Aujourd’hui leur espérance est déçue, car juger et mettre en œuvre des décisions de justice nécessitent des moyens matériels qui continuent de faire gravement défaut, pire encore, qui s’accroissent. Les professionnels demandent simplement à pouvoir faire leur travail dans de bonnes conditions.

Vous demandez à la justice d’être à la fois efficace, rentable, économe et de participer aux efforts de restrictions des dépenses publiques. Ainsi pour faire face au départ en retraite massif de magistrats qui n’avait pas été anticipé jusque là, la création de 500 postes de professionnels nouveaux chaque année ne peut pas suffire. Au contraire, le doublement du nombre des magistrats et des personnels est devenu incontournable, d’autant qu’à présent, leur sont confiées de nouvelles missions, qui concernent notamment "l’état d’urgence", la prise en charge des mineurs isolés étrangers, le dispositif du téléphone "grave danger" pour les violences conjugales, la mise en place de la contrainte pénale, etc, sans aucun poste supplémentaire.

Vous le savez, l’insuffisance de postes de magistrats et de greffiers place la France au bas du tableau des pays équivalent en terme de contraintes législatives et de niveau économique (1,9% des dépenses publiques sont consacrées à la justice). Bien que le budget ait augmenté depuis le début du quinquennat du Président Hollande, il n’en reste pas moins insuffisant.

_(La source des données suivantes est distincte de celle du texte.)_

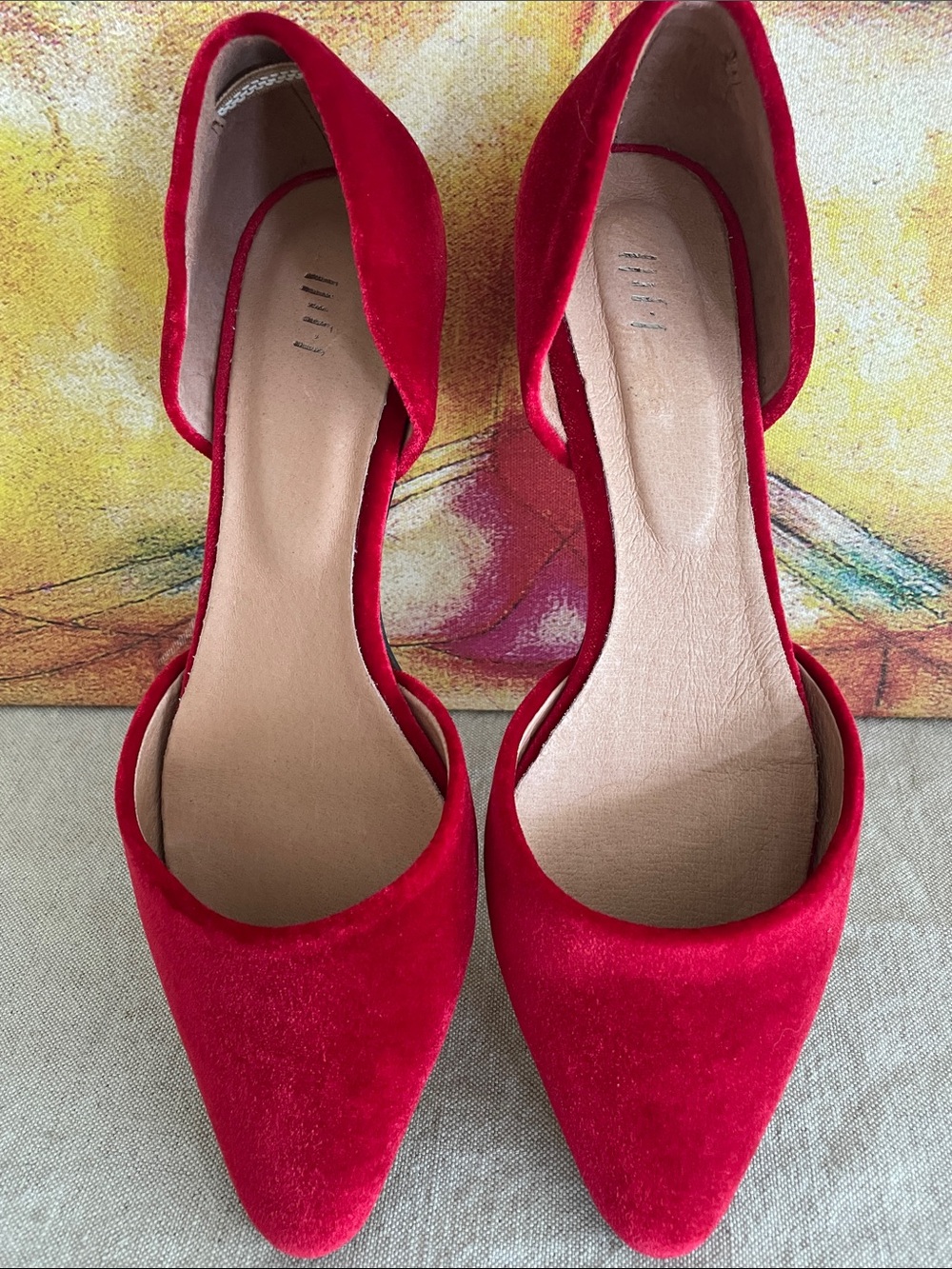 J. Jill Red Pointed-Toe velvet D'Orsay Flats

A titre d’exemple, au Tribunal de grande instance de vannes en 2015, les fonctionnaires étaient en équivalent temps plein travaillé 34,96 pour 35 postes budgétaires ; 3,3 au parquet pour 5 postes et 10,53 pour 14 postes au siège. Lors de l’audience solennelle de rentrée, la Présidente s’est exprimée au nom de l’ensemble des magistrats, indiquant que l’expression symbolisant le mieux leur état d’esprit était "faire face", regrettant de ne pouvoir en utiliser d’autres, telles que "construire une nouvelle justice, plus fluide, plus lisible...". A mon tour, je le regrette vivement, pour ces femmes et ces hommes, acteurs de notre justice et pour chaque citoyen, pour qui l’administration judiciaire se doit d’être la gardienne des libertés.

Connaissant votre attachement au respect des lois de notre République et à la protection des libertés individuelles, je sais pouvoir compter sur votre engagement à apporter les moyens financiers et humains nécessaires à la justice.

Dans l’attente d’une réponse de votre part, je vous prie de croire, Monsieur le Ministre, en l’expression de mes meilleurs sentiments.